Task instructions: In the records that follow, the lines from the one containing "aux fraises Jellycat" to the one containing "RR COMPRESSE STERILE 40CM*40CM BOITE DE 10", inclusive, are to be given again exactly.

Source records:
☆ ☆ ☆ ☆ ☆ ☆ ☆
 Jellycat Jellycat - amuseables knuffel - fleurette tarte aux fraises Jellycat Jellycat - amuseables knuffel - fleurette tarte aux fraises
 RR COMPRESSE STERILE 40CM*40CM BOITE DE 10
☆ ☆ ☆ ☆ ☆ ☆ ☆
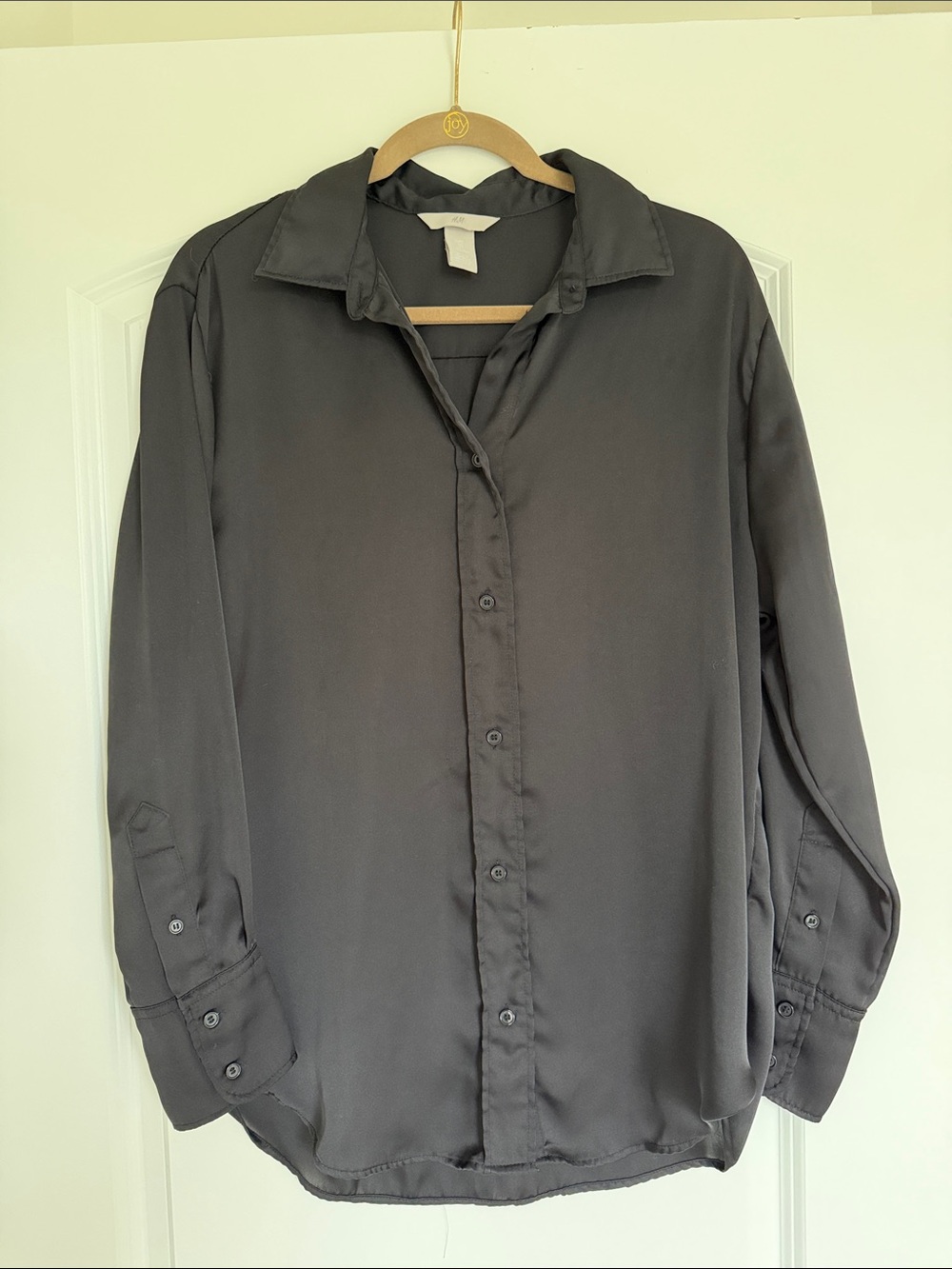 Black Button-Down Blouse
☆ ☆ ☆ ☆ ☆ ☆ ☆
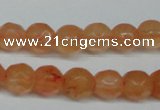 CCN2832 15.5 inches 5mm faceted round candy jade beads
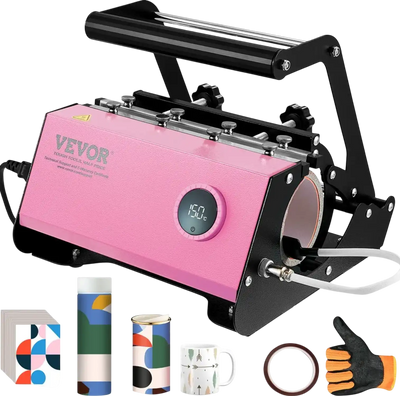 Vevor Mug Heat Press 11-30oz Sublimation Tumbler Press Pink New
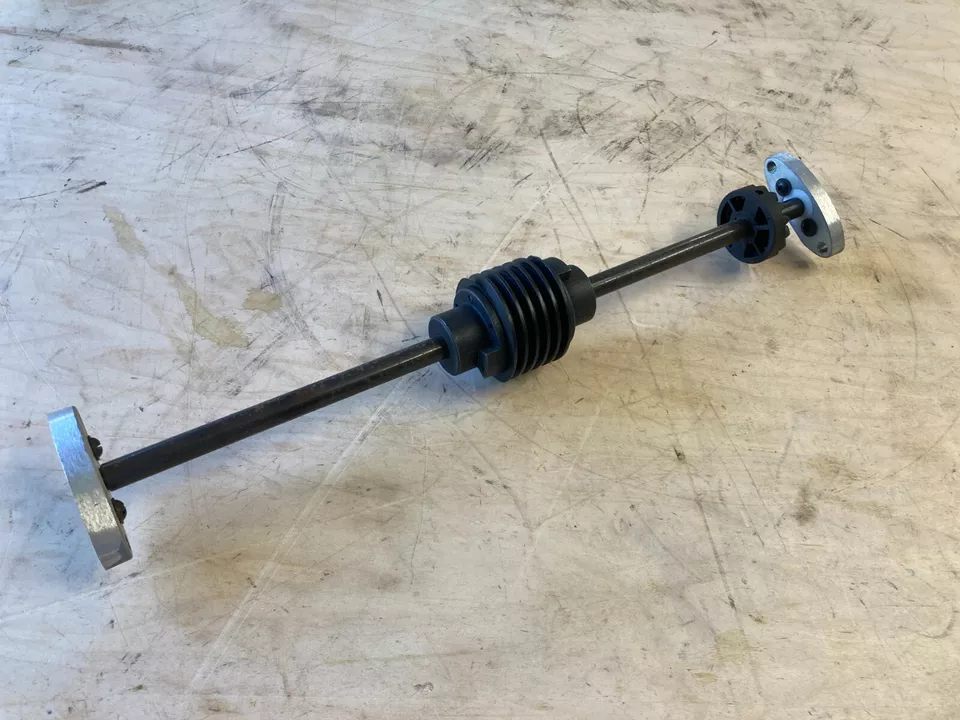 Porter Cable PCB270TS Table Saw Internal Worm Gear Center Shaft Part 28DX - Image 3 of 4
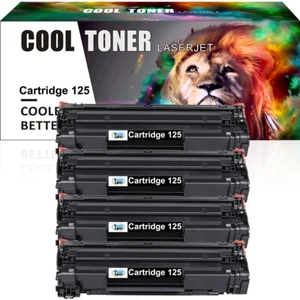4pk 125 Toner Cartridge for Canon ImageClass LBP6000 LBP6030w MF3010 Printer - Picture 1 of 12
☆ ☆ ☆ ☆ ☆ ☆ ☆
Solution for this task:
 Jellycat Jellycat - amuseables knuffel - fleurette tarte aux fraises Jellycat Jellycat - amuseables knuffel - fleurette tarte aux fraises
 RR COMPRESSE STERILE 40CM*40CM BOITE DE 10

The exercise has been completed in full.